Taiwanese paleontologists have discovered fossil evidence that pythons up to 4m long inhabited Taiwan during the Pleistocene epoch, reporting their findings in the international scientific journal Historical Biology.
National Taiwan University (NTU) Institute of Ecology and Evolutionary Biology associate professor Tsai Cheng-hsiu (蔡政修) led the team that discovered the largest snake fossil ever found in Taiwan.
A single trunk vertebra was discovered in Tainan at the Chiting Formation, dated to between 800,000 to 400,000 years ago in the Middle Pleistocene, the paper said.
Photo courtesy of Tsai Cheng-hsiu
The area also produced Taiwan’s first avian fossil, as well as crocodile, mammoth, sabre-toothed cat and rhinoceros fossils, it said.
Discoveries of apex predator fossils suggest the presence of a “fairly complex, well-established and stable ecosystem” during the Middle Pleistocene in Taiwan, it added.
No members of the Python genus inhabit the main island today, with the Burmese python in Kinmen County the closest extant population, it said.
The largest snakes on the Taiwanese mainland today are the king ratsnake and the oriental ratsnake, neither of which exceeds 3m in length.
As Taiwan has no living crocodile species, these snakes are also the nation’s largest reptiles.
Tsai’s research previously described a giant crocodile measuring up to 7m long, which also lived during the Pleistocene era alongside the large pythons.
The python fossil was donated to Tsai by private collector L.R. Hou (侯立仁) for research at the NTU laboratory of evolution and diversity of fossil vertebrates.
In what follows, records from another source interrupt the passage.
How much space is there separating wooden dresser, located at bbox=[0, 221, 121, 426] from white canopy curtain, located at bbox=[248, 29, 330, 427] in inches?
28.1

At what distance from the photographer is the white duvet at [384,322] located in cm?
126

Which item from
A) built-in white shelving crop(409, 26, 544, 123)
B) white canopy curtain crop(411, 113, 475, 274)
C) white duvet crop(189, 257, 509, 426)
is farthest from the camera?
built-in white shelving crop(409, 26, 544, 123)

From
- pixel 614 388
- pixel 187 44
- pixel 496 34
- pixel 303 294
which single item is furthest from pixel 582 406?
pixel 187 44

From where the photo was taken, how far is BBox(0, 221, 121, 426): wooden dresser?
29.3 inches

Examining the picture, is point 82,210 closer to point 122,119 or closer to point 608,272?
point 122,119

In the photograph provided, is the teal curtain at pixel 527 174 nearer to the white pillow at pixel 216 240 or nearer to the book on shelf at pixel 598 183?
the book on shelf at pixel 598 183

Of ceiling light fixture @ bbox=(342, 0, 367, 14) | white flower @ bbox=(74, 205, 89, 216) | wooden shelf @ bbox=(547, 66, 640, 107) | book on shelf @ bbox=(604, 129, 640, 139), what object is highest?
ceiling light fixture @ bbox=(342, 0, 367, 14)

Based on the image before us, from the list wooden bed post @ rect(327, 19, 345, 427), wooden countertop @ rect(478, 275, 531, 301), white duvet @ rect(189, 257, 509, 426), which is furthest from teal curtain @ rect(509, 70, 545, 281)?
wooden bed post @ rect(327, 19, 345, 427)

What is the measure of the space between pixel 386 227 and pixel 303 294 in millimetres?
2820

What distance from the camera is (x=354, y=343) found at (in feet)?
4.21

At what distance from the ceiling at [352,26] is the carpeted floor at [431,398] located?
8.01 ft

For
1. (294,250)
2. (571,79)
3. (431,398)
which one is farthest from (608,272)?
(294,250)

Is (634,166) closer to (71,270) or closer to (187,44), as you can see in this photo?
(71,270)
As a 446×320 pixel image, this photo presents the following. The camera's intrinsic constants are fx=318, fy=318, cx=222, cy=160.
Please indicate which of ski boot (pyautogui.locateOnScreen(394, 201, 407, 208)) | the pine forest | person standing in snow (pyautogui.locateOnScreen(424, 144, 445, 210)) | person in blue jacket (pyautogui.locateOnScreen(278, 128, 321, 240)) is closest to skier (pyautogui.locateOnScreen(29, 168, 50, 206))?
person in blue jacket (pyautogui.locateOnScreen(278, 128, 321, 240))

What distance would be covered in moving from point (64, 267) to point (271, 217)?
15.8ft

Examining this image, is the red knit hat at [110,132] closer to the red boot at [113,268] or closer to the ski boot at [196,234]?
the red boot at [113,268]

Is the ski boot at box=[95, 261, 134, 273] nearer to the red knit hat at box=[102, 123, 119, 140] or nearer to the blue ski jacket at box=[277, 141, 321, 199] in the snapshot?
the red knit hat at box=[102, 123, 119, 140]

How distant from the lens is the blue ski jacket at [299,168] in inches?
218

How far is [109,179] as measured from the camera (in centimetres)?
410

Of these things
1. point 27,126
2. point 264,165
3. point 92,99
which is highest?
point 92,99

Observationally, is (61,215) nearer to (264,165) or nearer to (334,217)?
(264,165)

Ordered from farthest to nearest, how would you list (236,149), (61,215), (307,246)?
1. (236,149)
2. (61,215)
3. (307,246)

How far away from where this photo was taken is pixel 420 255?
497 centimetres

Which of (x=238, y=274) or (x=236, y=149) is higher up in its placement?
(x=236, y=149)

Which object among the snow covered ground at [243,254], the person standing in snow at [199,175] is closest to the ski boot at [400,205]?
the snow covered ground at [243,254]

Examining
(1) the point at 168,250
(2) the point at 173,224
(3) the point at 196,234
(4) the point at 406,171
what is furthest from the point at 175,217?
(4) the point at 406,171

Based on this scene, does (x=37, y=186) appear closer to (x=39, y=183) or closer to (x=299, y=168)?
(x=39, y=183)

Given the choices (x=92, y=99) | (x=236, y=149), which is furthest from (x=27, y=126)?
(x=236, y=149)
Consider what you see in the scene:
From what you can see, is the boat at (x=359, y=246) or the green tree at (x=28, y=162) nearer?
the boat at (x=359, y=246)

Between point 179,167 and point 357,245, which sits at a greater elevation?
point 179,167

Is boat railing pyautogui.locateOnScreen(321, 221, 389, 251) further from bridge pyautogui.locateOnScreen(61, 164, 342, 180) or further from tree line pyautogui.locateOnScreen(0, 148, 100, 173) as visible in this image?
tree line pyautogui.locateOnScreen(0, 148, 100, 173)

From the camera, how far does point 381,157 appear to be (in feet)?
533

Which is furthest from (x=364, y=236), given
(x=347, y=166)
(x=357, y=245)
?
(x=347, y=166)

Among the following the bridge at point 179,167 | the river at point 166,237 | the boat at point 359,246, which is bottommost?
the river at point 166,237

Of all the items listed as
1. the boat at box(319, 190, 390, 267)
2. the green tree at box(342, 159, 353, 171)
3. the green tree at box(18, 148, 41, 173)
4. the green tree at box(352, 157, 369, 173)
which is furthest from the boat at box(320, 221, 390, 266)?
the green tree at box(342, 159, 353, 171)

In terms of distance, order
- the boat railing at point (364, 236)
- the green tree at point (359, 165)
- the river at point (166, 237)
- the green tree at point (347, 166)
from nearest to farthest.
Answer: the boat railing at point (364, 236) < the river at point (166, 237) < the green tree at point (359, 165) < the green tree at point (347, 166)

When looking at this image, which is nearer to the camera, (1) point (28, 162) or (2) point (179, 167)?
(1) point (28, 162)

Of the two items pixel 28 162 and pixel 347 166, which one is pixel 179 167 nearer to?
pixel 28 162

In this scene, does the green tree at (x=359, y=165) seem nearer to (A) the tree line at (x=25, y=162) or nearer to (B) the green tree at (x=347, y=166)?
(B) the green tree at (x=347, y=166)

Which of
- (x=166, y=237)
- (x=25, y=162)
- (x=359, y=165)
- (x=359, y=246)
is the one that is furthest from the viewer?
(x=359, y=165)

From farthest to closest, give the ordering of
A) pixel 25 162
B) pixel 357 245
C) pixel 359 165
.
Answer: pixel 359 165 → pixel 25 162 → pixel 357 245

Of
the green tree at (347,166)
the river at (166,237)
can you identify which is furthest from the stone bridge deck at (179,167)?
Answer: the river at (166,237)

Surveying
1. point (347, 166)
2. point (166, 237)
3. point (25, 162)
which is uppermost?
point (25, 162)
Tsai returned to Taiwan in 2018 to establish the lab and became the first Taiwanese to discover dinosaur fossils, finding the first Pleistocene-era bird specimen in 2021.
The paper, “An Unexpected Snake Fossil,” was published in Historical Biology in January.
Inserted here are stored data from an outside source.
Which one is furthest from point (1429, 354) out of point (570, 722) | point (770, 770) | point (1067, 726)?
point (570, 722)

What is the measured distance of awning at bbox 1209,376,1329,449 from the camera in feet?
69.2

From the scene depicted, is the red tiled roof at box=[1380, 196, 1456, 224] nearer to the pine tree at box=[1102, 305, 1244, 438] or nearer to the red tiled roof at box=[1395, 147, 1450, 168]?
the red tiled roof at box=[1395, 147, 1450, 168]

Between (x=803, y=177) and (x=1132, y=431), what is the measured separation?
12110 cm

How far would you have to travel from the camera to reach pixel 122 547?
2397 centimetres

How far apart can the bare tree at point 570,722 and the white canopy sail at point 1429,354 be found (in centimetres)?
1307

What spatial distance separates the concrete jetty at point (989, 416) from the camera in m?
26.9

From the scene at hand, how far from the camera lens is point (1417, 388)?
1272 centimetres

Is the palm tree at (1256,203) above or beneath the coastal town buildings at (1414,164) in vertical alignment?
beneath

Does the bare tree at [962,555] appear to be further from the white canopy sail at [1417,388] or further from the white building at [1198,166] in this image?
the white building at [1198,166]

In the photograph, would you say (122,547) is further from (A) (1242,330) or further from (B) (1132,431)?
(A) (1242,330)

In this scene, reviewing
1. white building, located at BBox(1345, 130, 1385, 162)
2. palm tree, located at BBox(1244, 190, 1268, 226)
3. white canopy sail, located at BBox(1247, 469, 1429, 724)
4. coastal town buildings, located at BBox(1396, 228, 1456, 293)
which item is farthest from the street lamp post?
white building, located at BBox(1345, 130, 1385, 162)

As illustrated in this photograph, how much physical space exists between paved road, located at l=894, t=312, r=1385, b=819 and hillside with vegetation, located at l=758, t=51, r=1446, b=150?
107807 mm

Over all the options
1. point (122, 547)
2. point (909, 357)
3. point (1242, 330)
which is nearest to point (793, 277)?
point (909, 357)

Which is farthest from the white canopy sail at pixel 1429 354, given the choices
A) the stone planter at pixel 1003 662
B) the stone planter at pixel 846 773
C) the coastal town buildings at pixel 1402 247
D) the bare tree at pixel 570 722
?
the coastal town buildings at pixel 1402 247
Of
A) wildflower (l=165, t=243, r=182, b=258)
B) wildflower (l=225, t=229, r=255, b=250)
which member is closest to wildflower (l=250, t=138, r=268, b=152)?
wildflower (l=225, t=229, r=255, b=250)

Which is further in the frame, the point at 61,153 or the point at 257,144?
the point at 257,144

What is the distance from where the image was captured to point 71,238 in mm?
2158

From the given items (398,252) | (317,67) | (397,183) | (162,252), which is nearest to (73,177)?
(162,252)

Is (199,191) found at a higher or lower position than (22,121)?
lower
It was coauthored by PhD candidates Liao Yi-lu (廖翊如) and Cho Yi-yang (卓義揚), plus additional coauthors Sun Cheng-han (孫正涵) and Deep Shubhra Biswas from India.
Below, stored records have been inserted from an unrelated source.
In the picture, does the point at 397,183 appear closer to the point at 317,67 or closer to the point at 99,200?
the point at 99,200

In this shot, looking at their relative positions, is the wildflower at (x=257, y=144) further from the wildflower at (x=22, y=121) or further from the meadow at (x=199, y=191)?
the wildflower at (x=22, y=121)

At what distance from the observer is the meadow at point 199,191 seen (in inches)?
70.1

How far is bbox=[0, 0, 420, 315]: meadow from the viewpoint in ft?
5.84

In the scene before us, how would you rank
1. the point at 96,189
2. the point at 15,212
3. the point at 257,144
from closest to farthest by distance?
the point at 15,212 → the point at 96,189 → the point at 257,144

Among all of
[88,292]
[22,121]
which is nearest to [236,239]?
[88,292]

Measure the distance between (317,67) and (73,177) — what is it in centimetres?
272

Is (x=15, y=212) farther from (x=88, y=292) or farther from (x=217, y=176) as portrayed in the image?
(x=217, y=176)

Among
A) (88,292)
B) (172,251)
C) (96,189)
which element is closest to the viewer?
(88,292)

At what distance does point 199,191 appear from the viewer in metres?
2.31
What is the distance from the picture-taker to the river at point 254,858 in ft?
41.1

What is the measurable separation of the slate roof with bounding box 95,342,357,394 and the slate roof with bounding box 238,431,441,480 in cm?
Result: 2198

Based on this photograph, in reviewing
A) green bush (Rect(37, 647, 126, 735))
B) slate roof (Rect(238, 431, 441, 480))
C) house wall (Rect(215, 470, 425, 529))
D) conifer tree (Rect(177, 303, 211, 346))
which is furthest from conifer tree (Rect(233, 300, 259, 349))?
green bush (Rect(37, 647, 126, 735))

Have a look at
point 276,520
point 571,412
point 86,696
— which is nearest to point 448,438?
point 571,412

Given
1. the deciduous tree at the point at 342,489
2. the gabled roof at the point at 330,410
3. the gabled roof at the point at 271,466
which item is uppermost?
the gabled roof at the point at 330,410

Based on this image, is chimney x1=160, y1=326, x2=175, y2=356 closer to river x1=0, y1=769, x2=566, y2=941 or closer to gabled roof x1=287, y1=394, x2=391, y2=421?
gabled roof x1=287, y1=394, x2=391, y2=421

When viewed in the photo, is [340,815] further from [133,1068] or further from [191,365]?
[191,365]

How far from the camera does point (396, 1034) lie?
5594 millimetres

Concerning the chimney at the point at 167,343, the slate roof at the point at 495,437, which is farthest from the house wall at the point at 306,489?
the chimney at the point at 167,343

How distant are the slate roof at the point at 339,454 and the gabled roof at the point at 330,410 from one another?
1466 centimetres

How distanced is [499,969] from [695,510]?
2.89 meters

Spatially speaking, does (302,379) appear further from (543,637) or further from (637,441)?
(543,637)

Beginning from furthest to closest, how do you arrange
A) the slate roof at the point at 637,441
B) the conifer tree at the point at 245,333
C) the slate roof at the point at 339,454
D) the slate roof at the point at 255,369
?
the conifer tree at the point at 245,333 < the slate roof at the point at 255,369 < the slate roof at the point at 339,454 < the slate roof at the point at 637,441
The paper suggests that the modern ecosystem of Taiwan, which is devoid of top predators, may have yet to recover from the Pleistocene extinction event.
It also supports his hypothesis that large-scale extinction events occurred across island ecosystems worldwide, Tsai said, adding that local extinction events in Taiwan require further research.